Microenvironment-induced CREPT expression by cancer-derived small extracellular vesicles primes field cancerization

Cancer local recurrence increases the mortality of patients, and might be caused by field cancerization, a pre-malignant alteration of normal epithelial cells. It has been suggested that cancer-derived small extracellular vesicles (CDEs) may contribute to field cancerization, but the underlying mechanisms remain poorly understood. In this study, we aim to identify the key regulatory factors within recipient cells under the instigation of CDEs. In vitro experiments were performed to demonstrate that CDEs promote the expression of CREPT in normal epithelial cells. TMT-based quantitative mass spectrometry was employed to investigate the proteomic differences between normal cells and tumor cells. Loss-of-function approaches by CRISPR-Cas9 system were used to assess the role of CREPT in CDEs-induced field cancerization. RNA-seq was performed to explore the genes regulated by CREPT during field cancerization. CDEs promote field cancerization by inducing the expression of CREPT in non-malignant epithelial cells through activating the ERK signaling pathway. Intriguingly, CDEs failed to induce field cancerization when CREPT was deleted, highlighting the importance of CREPT. Transcriptomic analyses revealed that CDEs elicited inflammatory responses, primarily through activation of the TNF signaling pathway. CREPT, in turn, regulates the transduction of downstream signals of TNF by modulating the expression of TNFR2 and PI3K, thereby promoting inflammation-to-cancer transition. CREPT not only serves as a biomarker for field cancerization, but also emerges as a target for preventing the cancer local recurrence.
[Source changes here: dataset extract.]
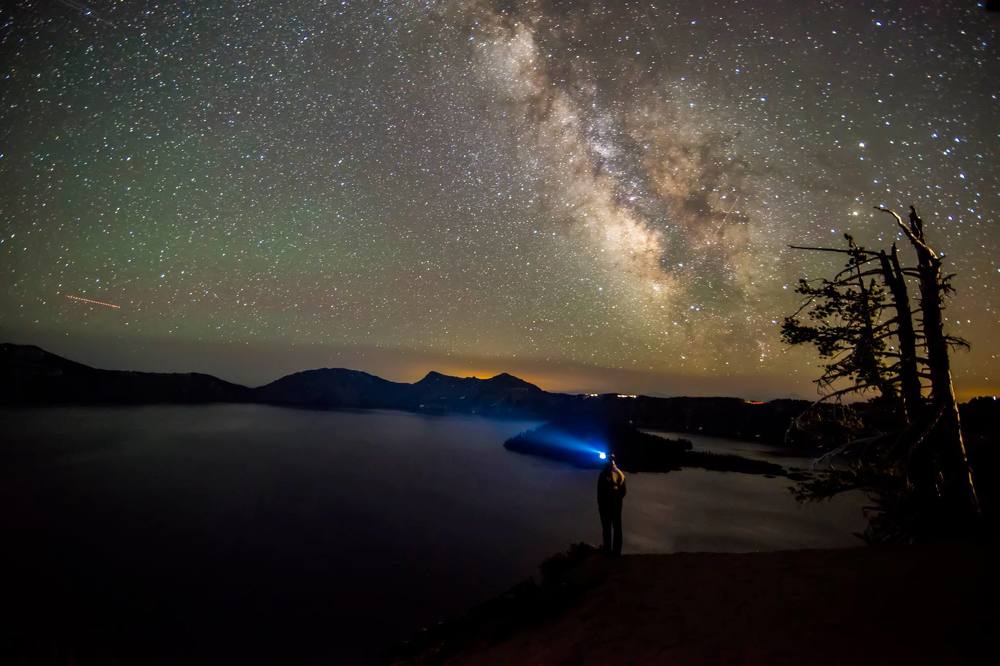 Gazing into the night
Overall design: To investigate the role of CREPT in CDEs-treated non-malignant epithelial cells, we utilized two mammary epithelial cell lines, namely MCF10A and NMuMG, and employed the CRISPR-Cas9 system to knockout the CREPT gene in these cells, resulting in the generation of four cell lines: MCF10A, MCF10AKO, NMUWT, and NMUKO. Then we performed gene expression profiling analysis using data obtained RNA sequencing of these four cell lines under conditions with or without CDEs treatment. Comparative analysis of gene expression profiles based on RNA-Seq data in the cells with and without CDEs treatment. Subsequently, the differences in the expression profile changes between the cells with and without CREPT expression were evaluated.